On Thursday, August 28, 2014 Walt Disney World announced on the Disney Parks Blog that some new entertainment offerings will debut this fall at Epcot. Among these are a new Berber music and dance troupe in Morocco, a flag corps in Italy, a Celtic Folk music ensemble in the United Kingdom, a new lumberjack show in Canada “and more.”
Along with this news, the Mouse announced that several World Showcase entertainment offerings would be taking their final bow in the coming weeks. The World Showcase Players will shout their last “Grail, Grail, Grail!” on Thursday, September 25. Fans can see the last musical performances of the Spirit of America Fife & Drum, Mo’Rockin’ and Off Kilter on Saturday, September 27.
As expected, many Disney fans are sad to see some of these acts go, while others are downright livid. In particular, according to my Facebook newsfeed as well as others, it seems that fans are most upset from the news that Off Kilter will no longer be performing their unique blend of bagpipes and rock music soon.
On Facebook, a Save Off Kilter grassroots page has sprung up with nearly 2,000 members in less than two days. Letter writing campaigns have also been started and many fans are voicing their concerns to Disney Guest Relations, their entertainment department and even local newspapers in an effort to get the decision reversed.
Before I go any further, I need to tell you that I can sympathize with the fans of these groups. My favorite entertainment offering at any theme park on the planet was American Vybe, who performed in the rotunda of the American Adventure at Epcot. Growing up, my father instilled in me a huge love for a cappella music and Vybe, in my opinion, were masters at it. They were the “hip” version of Voices of Liberty, performing contemporary songs by American composers. I easily saw them over 100 times and would see them 100 more if they were still around. Sadly, at the end of 2005, they too got the ax from the Disney entertainment department.
I didn’t write any letters, nor did I voice my concern at Guest Relations. Entertainment acts being refreshed or cut is just a part of the biz. Any business, including Walt Disney World, is not a democracy. Just like I can’t walk up to someone’s manager at Target and tell them that one of their employees “deserves to be fired” because I was upset, I can’t tell Disney to keep someone’s job.
Sure, there have been some successful campaigns to change things at Walt Disney World. The “Save Figment” campaign might have something to do with bringing the purple dragon back to the Imagination pavilion. It also might have had more to do with being able to sell Figment merchandise in the gift shop.
Taking a step into the real world, not just theme parks, a group like Off Kilter getting to play five sets a day, five days a week, is nearly unheard of for any band.
Considering Off Kilter started playing at the Canada stage in Epcot over fifteen years ago and have had a continuous gig for that long speaks volumes as to how talented and loved these musicians really are. They produced five albums and actually manage to book gigs outside of Epcot in their spare time.

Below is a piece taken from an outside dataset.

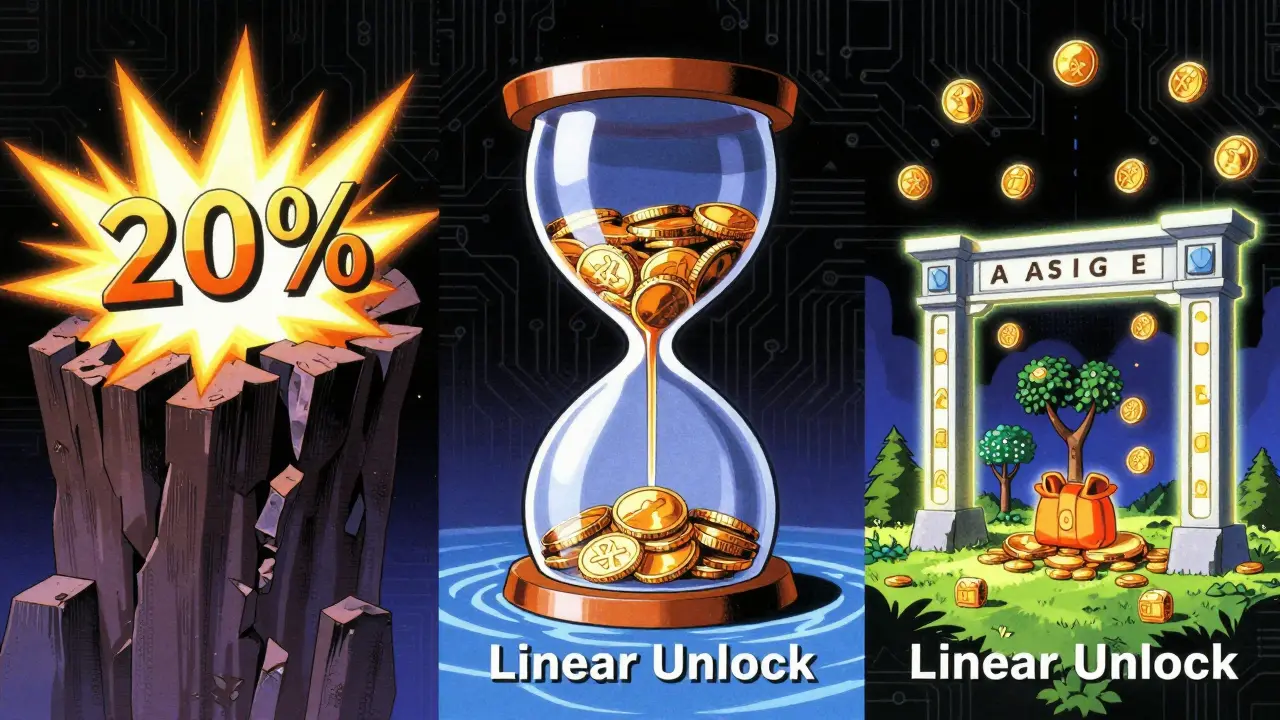 Three anime-style panels showing cliff, linear, and event-based token unlock mechanisms.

To help put things into perspective, The British Invasion band in the United Kingdom was replaced a few years ago by the British Revolution. When news first started to hit the web, fans were outraged that theme park fans were going to have their “cheese moved.” However, as it turns out, The British Revolution, with their more contemporary set list, is a smash hit.
Look, I recognize that I am talking about people losing their jobs. No doubt, this is a difficult time for all of the entertainment acts at Epcot who will be departing creatively, emotionally and even financially. However, that’s show business. Not one single performer alive today in any genre in the world can say their job is safe until they are ready to retire.
One more thing to consider. Walt Disney World has already announced the new entertainment offerings that have been announced this fall. Meaning, most likely, contracts have already been signed. Could this be a money saving move? Perhaps, although I don’t know that any more than 99.9 percent of the people reading this, but it’s a safe bet that factors into the equation.
My hope is fans understand that this process of refreshing entertainment is just part of the business. I too will miss these groups as they are a huge part of the reason why I visit Epcot now. However, sometimes it’s best to realize this comes with the territory of being an entertainer. Your thoughts?